The project’s current chairman Allan Cook has also admitted HS2 failed to carry out extensive soil surveys, meaning digging and excavation has been far more difficult than originally hoped.
In September 2019, Cook wrote: “The original plans did not take sufficient account of the compound effect of building a high-speed line through a more densely populated country with more difficult topography than elsewhere – and doing so whilst complying with higher environmental standards.”
What is the Oakervee Review?
In August 2019, Boris Johnson tasked Doug Oakervee, the former chairman of HS2 Ltd (the company responsible for building the project), with carrying out a “go, no go” review into the entire project.
This was due to report by the end of 2019 – but a December General Election gave the government cause to delay their decision.
The Oakervee review has been hit by claims that it was rigged from the start, and that it was used by Johnson to validate pressing on with the project.
In November the deputy chair of the review, Lord Tony Berkeley, resigned, calling the process a “whitewash” and the draft report “a very good marketing document for HS2”.
However, since then, it has emerged that Oakervee is going to admit the eye-watering cost of the project could rise above £100bn.
He is also on course to recommend pausing progress on phase 2b – between Birmingham and Leeds – and review whether it would be more efficient to use conventional rail lines on that part of the route.
Is the government seriously considering scrapping it?
Probably not.

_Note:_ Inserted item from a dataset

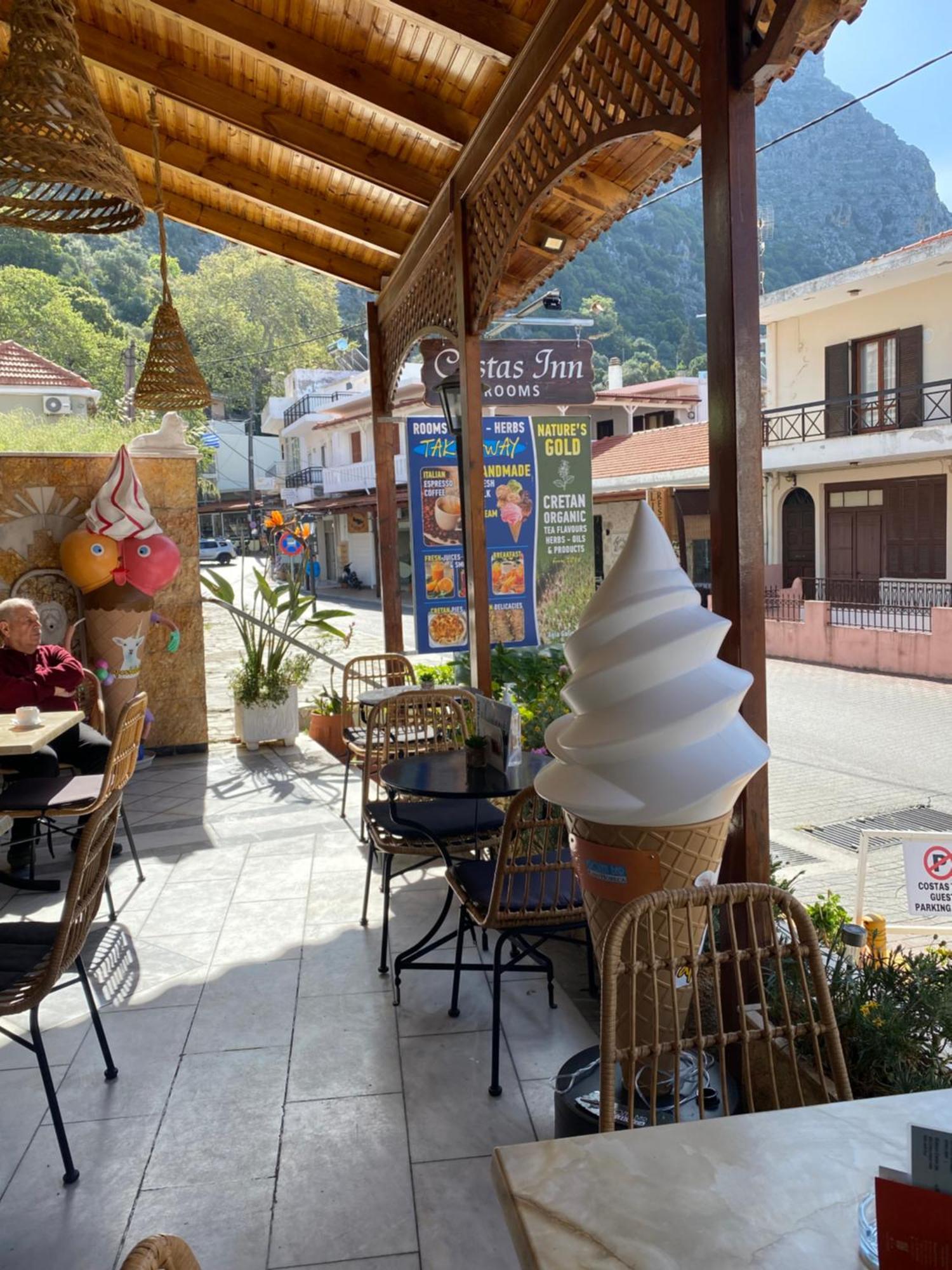 Costas Inn Spílion エクステリア 写真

Construction is well underway, and successive Conservative governments have already poured £8bn into the project.
Even at this early stage in the building of HS2, that is far more than the £5.8bn which it cost to build High Speed 1 (the stretch of railway between St Pancras International and the Channel Tunnel).
Moreover, Johnson has said he is wary of putting the project “on the scrap heap,” but has also acknowledged it is “incredibly expensive”.

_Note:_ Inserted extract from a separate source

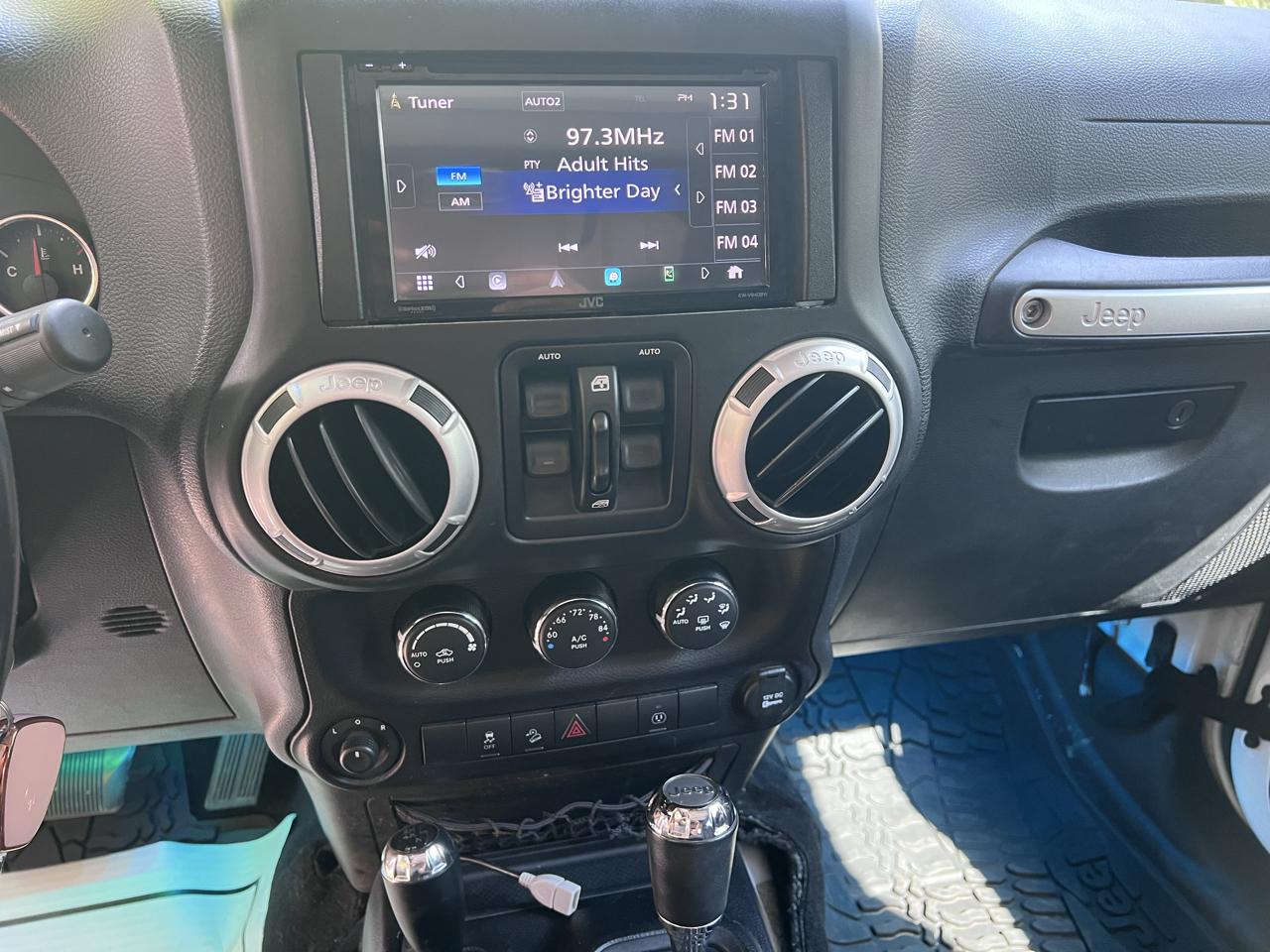 Jeep Wrangler Unlimited Sahara 4WD 2015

On the General Election campaign trail in November 2019, he said: “I love infrastructure. The problem with HS2, is that it’s incredibly expensive.

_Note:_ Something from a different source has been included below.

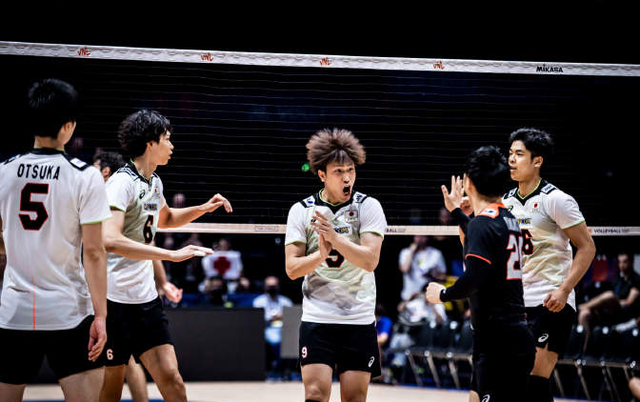 克莱蒙足球队在法国联赛中横扫对手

“Instinctively I hesitate as somebody who’s done a lot of big infrastructure projects, and who’s seen the damage that can be done to the UK by delaying big infrastructure, I hesitate before just taking something like HS2 and just putting it on the scrap heap.”
Here is what the company running the project has to say about it.
What do people think of it?
HS2 has divided opinion like few other British infrastructure projects in recent years. Business groups have, by-and-large, got behind it.
In January 2020, more than 40 construction and rail industry bosses signed a letter urging the Prime Minister to “get HS2 done”.
“We want to take this opportunity to reiterate not only the devastating impact any curtailment of HS2 would have on our industry, but the detrimental effect cancellation would have on UK Plc more widely in terms of jobs, manufacturing, investment and export potential,” it said.
Meanwhile, the British Chambers of Commerce and transport group Midlands Connect have also urged the PM to go ahead with the project.
BCC director general Adam Marshall said: “This project is an investment that will transform the capacity of our railways and the potential of so many areas across the UK.
“While there can be no blank cheque, cutting the project back would put development and investment plans across the country at risk.”
Midlands Connect chairman Sir John Peace added: “To delay and downgrade HS2 north of Birmingham would be a betrayal of the Midlands and the North. We need a modern, fast and reliable railway to link our great towns and cities sustainably.”
But it has many opponents too – whose voices have only got louder with each successive increase in cost.
The loudest of those, Stop HS2, said after the Oakervee review leak: “We’ve said for a long time that there are massive problems with and within HS2 Ltd, and even the Oakervee review, led by a former chair of HS2 Ltd can’t brush them all under the carpet.”
Nick Macpherson, former Treasury permanent secretary, added: “What will it take for our political elite to accept this vanity project is not value for money? Imagine how many sensible rail and road projects could be built with the money.”